La santé a ceci de commun avec le bonheur qu’on ne comprend vraiment sa valeur qu’après l’avoir perdue. Il en va ainsi des crises de l’existence: en nous privant de ce dont nous jouissions habituellement, elles nous redonnent le goût de ces choses autrefois tenues pour acquises. L’arrêt sans précédent de l’activité économique que nous vivons actuellement a la même sorte de vertu: elle est en train de nous faire redécouvrir le vrai sens du travail.

Bien sûr, nous réalisons d’abord combien les professions de santé sont indispensables. C’est bien légitimement que de nombreux Français applaudissent chaque soir ceux qui prennent tous les risques pour nous soigner. Leur dévouement doit être salué. Il est évident également que les personnes qui contribuent par leur activité à produire, transformer et acheminer de la nourriture jouent un rôle précieux. Il est aussi évident que l’activité de ceux qui produisent l’électricité qui nous éclaire, qui assurent le fonctionnement des transports, qui garantissent la sécurité, n’est pas moins essentielle.

Est-ce tout? Non. Il serait temps de se souvenir que ce sont au fond tous les travailleurs qui méritent la gratitude de la société. Dans notre pays fortement marqué par la représentation marxiste du travail, ce dernier est assimilé à une aliénation.

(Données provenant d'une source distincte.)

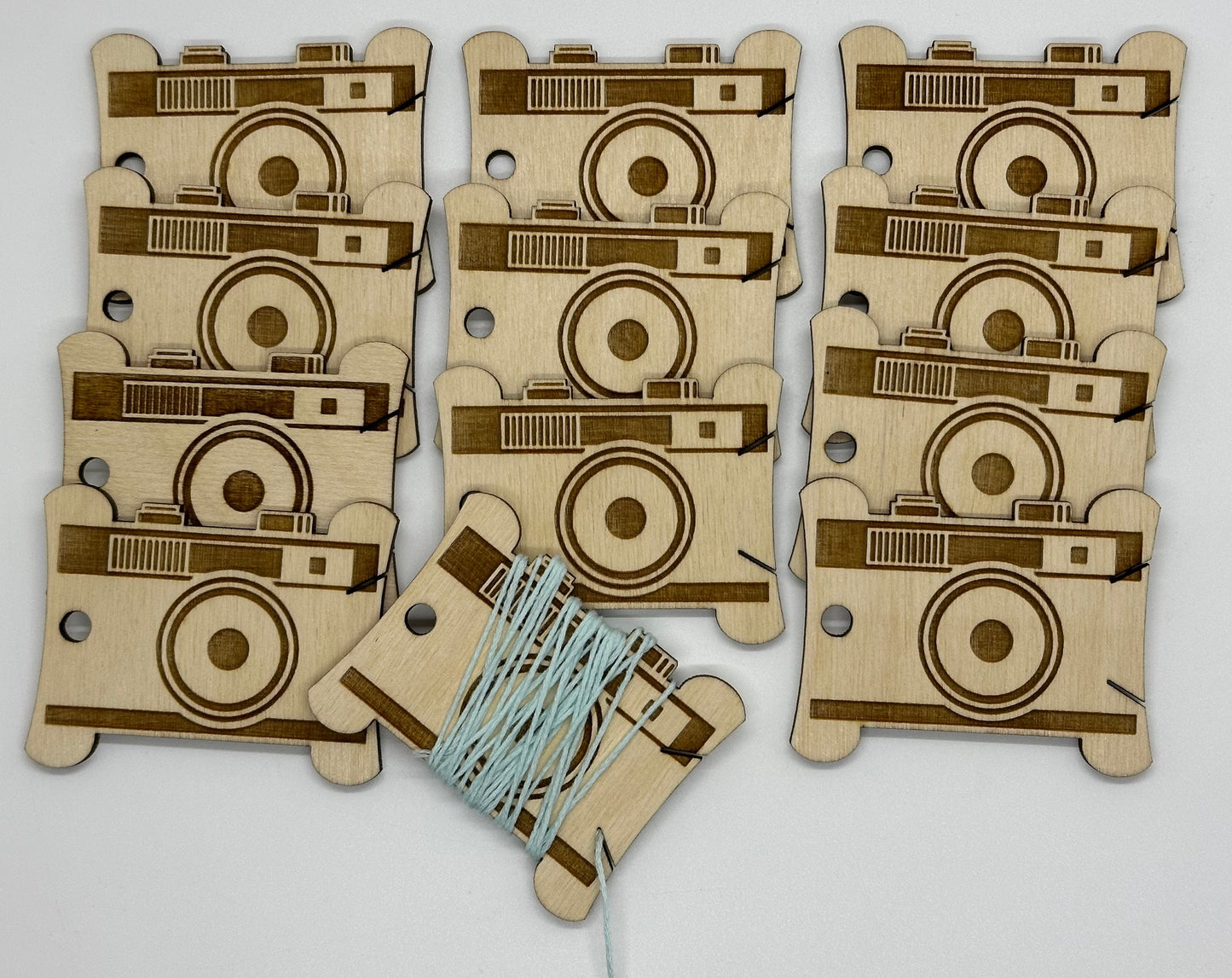 Wooden camera-shaped bobbins with a string on a light gray background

Le travail en France est avant tout vu comme une activité génératrice de souffrance, en lien direct avec cette étymologie douteuse mais traditionnelle du mot: le tripalium, un instrument de torture. Le travail est pour nous, par définition et avant tout, asservissement et exploitation. Il est abordé sur le mode du conflit. Son vocabulaire est celui du combat.

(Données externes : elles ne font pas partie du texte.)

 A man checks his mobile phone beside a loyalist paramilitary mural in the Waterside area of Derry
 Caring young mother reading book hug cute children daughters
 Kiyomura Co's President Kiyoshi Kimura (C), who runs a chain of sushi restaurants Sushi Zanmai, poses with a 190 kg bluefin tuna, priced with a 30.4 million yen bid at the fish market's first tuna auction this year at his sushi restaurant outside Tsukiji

Comme le débat sur les retraites l’a montré, l’objectif évident ne peut qu’être d’en limiter le plus possible la durée, d’en circonscrire fermement les conditions. Dans la représentation collective, la vie professionnelle est une sorte de parenthèse pénible qu’il faut refermer au plus vite, une abdication hélas nécessaire face «aux forces de l’argent» et au «règne de l’intérêt égoïste» entre deux périodes de bonheur désintéressé: la vie étudiante et la retraite. À la faveur de la pandémie actuelle, nous réalisons cette vérité toute simple mais oubliée: l’architecture sociale est fondée sur le travail de chacun.

Le vrai sens du travail, quel qu’il soit, est de rendre un service à la société. Ainsi tout travail est une forme d’altruisme. C’est grâce à cette somme de services mutuellement rendus que nous mangeons à notre faim, sommes soignés et plus généralement que nous jouissons du confort de vie offert pas les sociétés développées. Le salaire en est la contrepartie sonnante et trébuchante (mais il existe d’autres formes de contreparties évidemment). C’est toute l’utilité et la magie du marché que de sélectionner les métiers utiles, d’en éviter la pénurie ou le trop-plein au moyen du signal de la rétribution. En dehors des cas (nombreux) où existent ce que les économistes appellent des «externalités» non prises en compte par le mécanisme du marché, l’absence de contrepartie versée par la société indique qu’un travail est inutile… Personne ne paiera jamais un centime pour me voir jouer au football. D’autres, plus doués, sont payés des millions pour le faire.

Voilà une des leçons utiles de ces temps extraordinaires. La meilleure façon d’expliquer la nécessité de travailler à un enfant n’est pas de lui parler de «gagner sa vie», mais bien plutôt de lui faire comprendre que nous sommes tous appelés, dans la mesure de nos possibilités, à être utiles à la société par notre travail. Les moyens de notre subsistance n’en sont que la juste contrepartie. Ce faisant, on aborde l’idée de travail d’une façon à la fois non conflictuelle et positive. Une perspective que nous avons tant de mal à adopter en France.